Рудольф Нуреев. Я умру полубогом! (Обоймина) - страница 21

Немного помолчав, она добавила категорически:

— Второе более вероятно.

Спустя годы Рудольф пояснял сказанное ею:

«Я понял, что означают эти слова: я должен буду работать, как сумасшедший. Костровицкая смогла увидеть, что мои манеры, весь стиль моего танца был мягкий и воздушный, но ничего в нем не было от уверенной и сознательной техники. Вопрос был в том, что сможет ли моя природная непосредственность быть использована при дальнейших занятиях или все, что я умею теперь, разрушится и умрет? Костровицкая имела в виду, что для того, чтобы превратить мой выразительный дар в прочные профессиональные навыки с твердым внутренним контролем, я должен работать, работать и работать больше, чем кто-либо другой в школе.

Тот факт, что я до сих пор почти не занимался танцем, придавало моему танцу индивидуальную окраску В нем не было и намека на сухой стандарт. Я относился к танцу с энтузиазмом, как когда-то ребенком. Но теперь мне надо было создать твердые, хорошие мускулы, без которых танцовщик скоро спадет, как марионетка с порванными нитками.

Я должен был создать в себе надежный внутренний контроль и тогда увидеть, какая же половина предсказаний Костровицкой окажется верной!»[8].

Очевидец того экзаменационного выступления высказался более определенно: «Отсутствовала линия. Отсутствовали ноги. Композиция разваливалась. Он как-то разбрасывался, занимая собой слишком много места».

* * *

Итак, мечта Рудольфа сбылась: он принят в хореографическое училище. Все это похоже на сказочный сон, и ты вот-вот проснешься… Занятия должны начаться 1 сентября, впереди еще пять дней для устройства. Нуреев хорошо понимал, что с этого момента его жизнь должна быть подчинена суровой дисциплине, и ничего не имел против этого. Все, что его действительно интересовало, — это танец. Он должен, просто обязан научиться танцевать так, чтобы быть первым. То, что обычно занимало его сверстников, — спорт, выпивки, разговоры о девушках, — мало его привлекало.

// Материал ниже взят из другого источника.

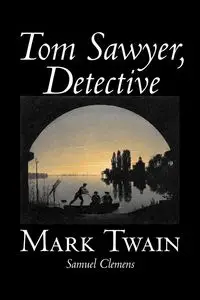 Tom Sawyer, Detective by Mark Twain, Fiction, Classics - Mark Twain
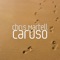 Caruso - Chris Martell lyrics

Утром, в день его прибытия в школу, Рудольфу показали комнату, где он будет жить. В общей спальне, просторной светлой комнате с широкими арочными окнами, помещалось двадцать учеников. Теснота домашнего жилища в Уфе осталась позади. Как, наверно, приятно отдыхать здесь!

Вскоре Рудольф начал пропускать завтраки для того, чтобы урвать еще минут тридцать на сон. Была и другая причина: таким образом он мог хоть раз в день уклониться от необходимости есть в столовой вместе со всеми, — то, к чему ему было очень трудно привыкнуть.

В руки опытных педагогов Ленинградского училища Рудольф попал с большим опозданием — в семнадцать лет. Правда, в те годы в этом не было ничего из ряда вон выходящего: училище практиковало прием «великовозрастных» учеников, если тому имелись основания — талант поступающего. Поздно поступили в училище и учились всего четыре года такие известные представители балетного искусства, как Игорь Моисеев, Асаф Мессерер и Фея Балабина.